● Working data:
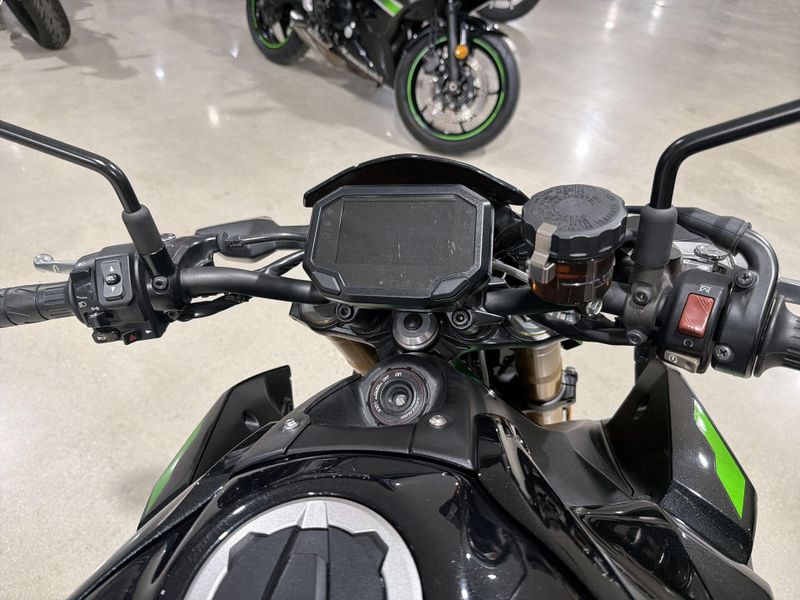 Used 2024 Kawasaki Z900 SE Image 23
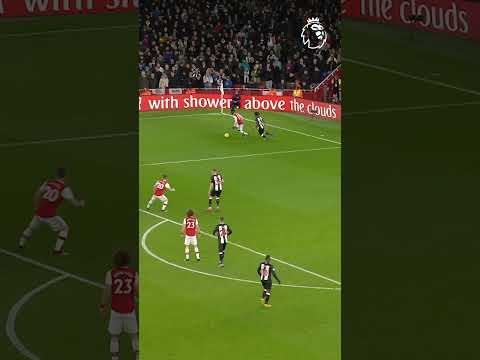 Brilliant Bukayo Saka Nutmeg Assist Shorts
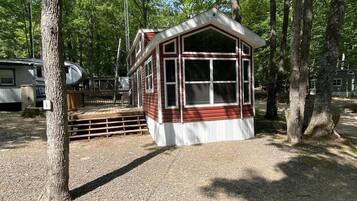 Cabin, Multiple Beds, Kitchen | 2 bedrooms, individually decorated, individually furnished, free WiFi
--
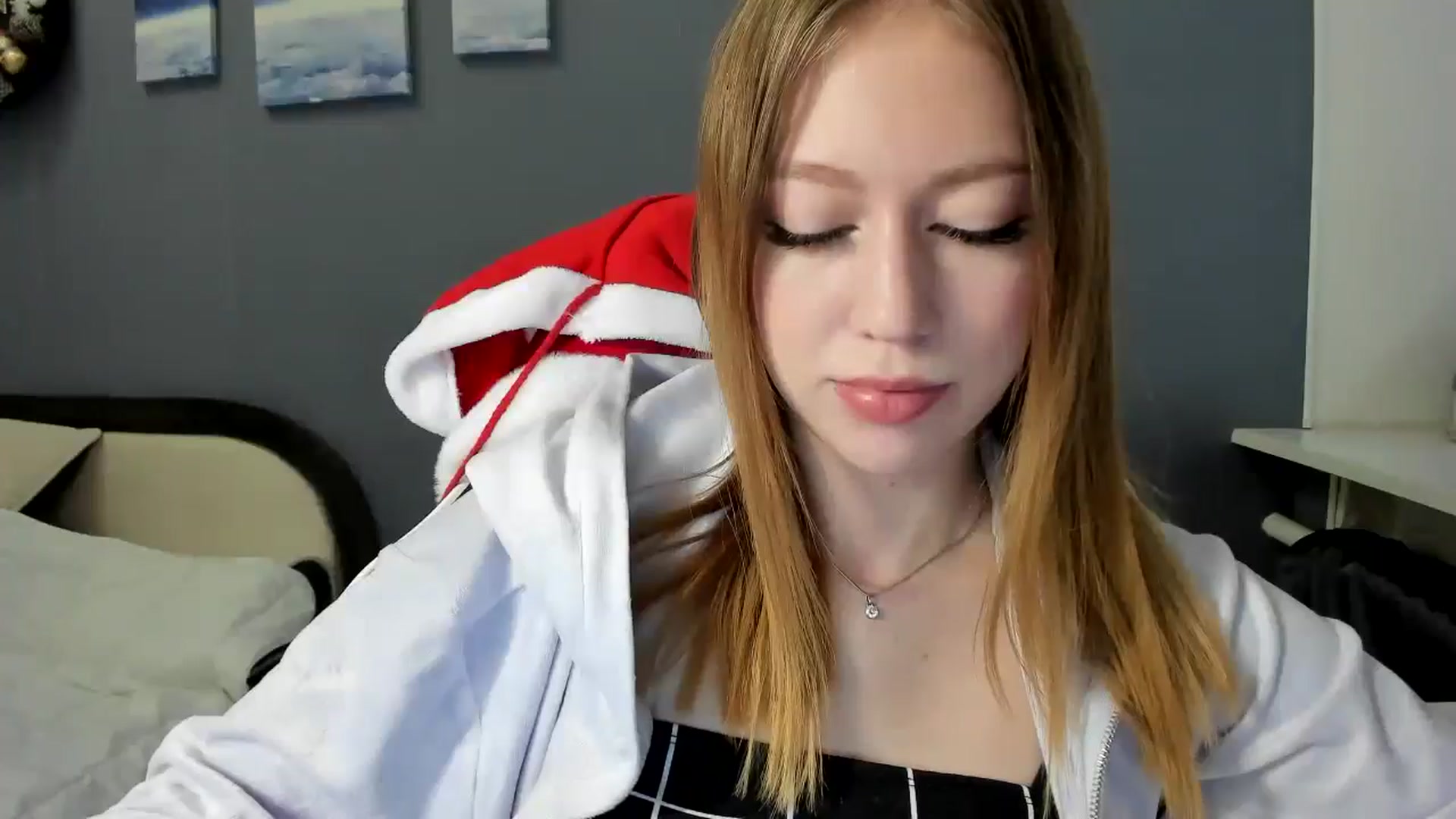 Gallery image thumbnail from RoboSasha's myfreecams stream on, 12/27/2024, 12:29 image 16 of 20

● Task item:
Reproduce, word for word, only the lines in the records above from the line with "Used 2024 Kawasaki Z900 SE Image 23" through the line with "Cabin, Multiple Beds, Kitchen", including both ends; omit the pictures.

● Task solution:
 Used 2024 Kawasaki Z900 SE Image 23
 Brilliant Bukayo Saka Nutmeg Assist Shorts
 Cabin, Multiple Beds, Kitchen | 2 bedrooms, individually decorated, individually furnished, free WiFi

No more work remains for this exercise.